Frente a todas estas recurrentes admoniciones, los falsos profetas del apocalipsis ignoran o minimizan los posibles impactos positivos de un aumento del salario mínimo: contribuye a sostener la demanda y la actividad económica a través del consumo; eleva los ingresos por cotizaciones a la Seguridad Social (unos 600 millones en 2019, según cálculos del Gobierno); supone un incentivo indirecto para que las empresas ganen en eficiencia y el empleo que se cree sea de mayor calidad y más duradero; contribuye a elevar la motivación de las personas con empleo (y como derivada, su productividad); y ayuda a mejorar los niveles de justicia laboral y social.

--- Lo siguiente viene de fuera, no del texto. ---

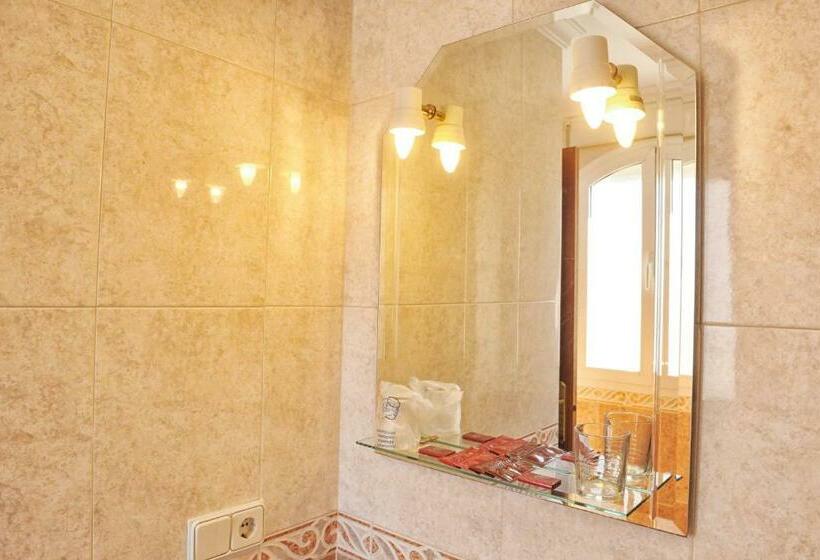 Номер Стандарт, Hostal Puerto Lepe
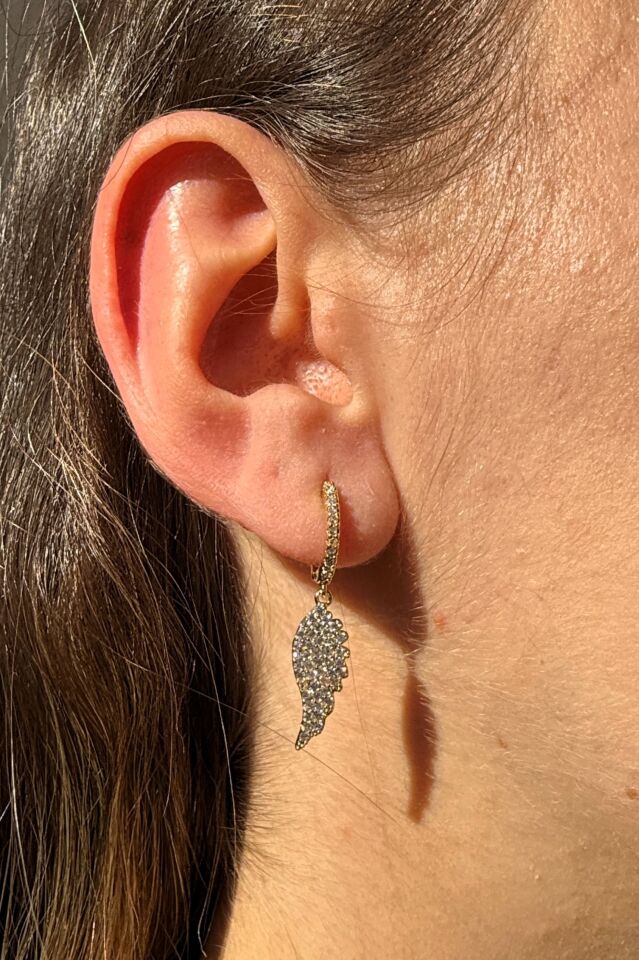 LvLv Gold Rengi Zirkon Taşlı Kanat Model Sallantılı Halka Küpe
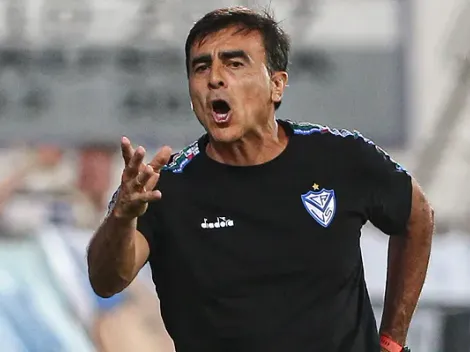 Vélez pierde y acaba su racha invicta: Quinteros culpó al árbitro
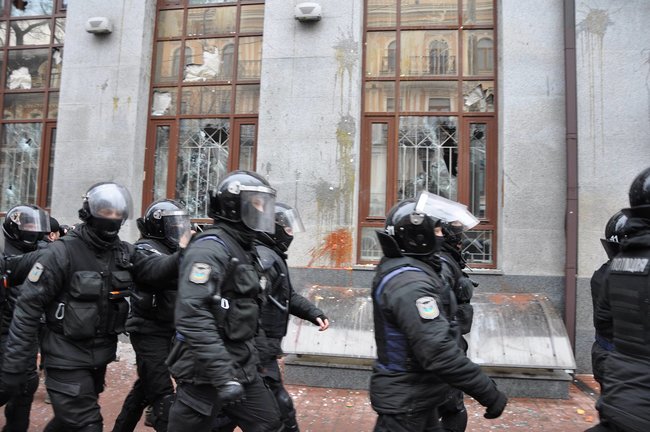 Акция Смерть России!: Националисты забросали камнями здание Россотрудничества и двух банков в Киеве 31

En definitiva, la subida del salario mínimo resulta una exigencia económica y social, y no hay mejor momento para realizarla que ahora, cuando la economía española lleva desde 2014 creciendo y creando empleo a buen ritmo. Con el incremento acumulado en los últimos tres años el salario mínimo español sale de los niveles de miseria (era el más bajo de toda la zona euro en porcentaje sobre el salario medio) y se aproxima a una cuantía, si no suficiente, digna. Una senda que debería tener continuidad en 2020 alcanzando los 1.000 euros al mes, en consonancia con lo comprometido por las organizaciones empresariales para los salarios de convenio en el acuerdo firmado con las organizaciones sindicales el pasado año (IV AENC).